• [Your instructions]
Please print exactly the lines from the line containing "New 2026 Chevrolet" through the end of the data, no more, and keep pictures out of the copy.

• [Supplied information]
# # # # # # #
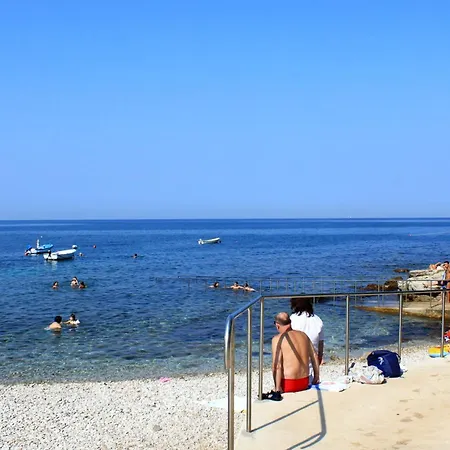 With Parking Space Basanija, Umag - 27179 Appartamento *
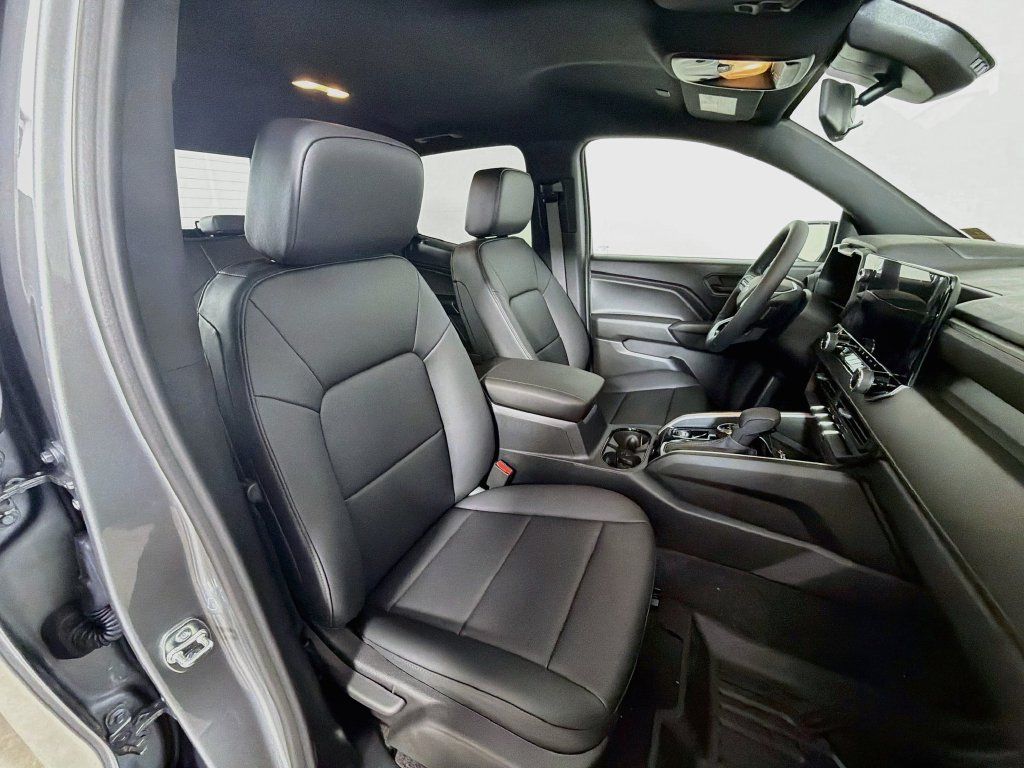 New 2026 Chevrolet Colorado Trail Boss AWD/4WD image 23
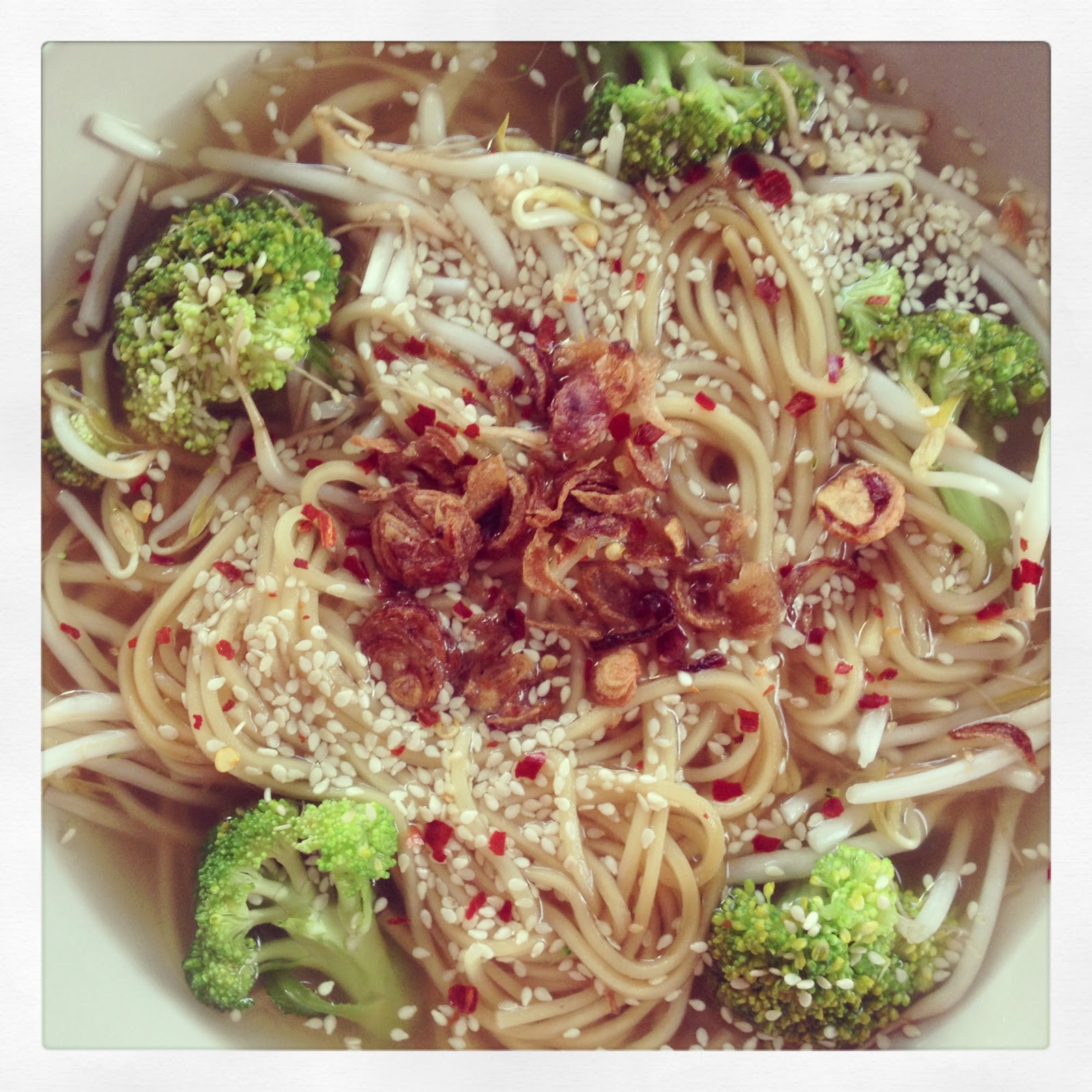 SOULFUL HEALTHY LIVING: RAMEN NOODLE SOUP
# # # # # # #
• [Response]
 New 2026 Chevrolet Colorado Trail Boss AWD/4WD image 23
 SOULFUL HEALTHY LIVING: RAMEN NOODLE SOUP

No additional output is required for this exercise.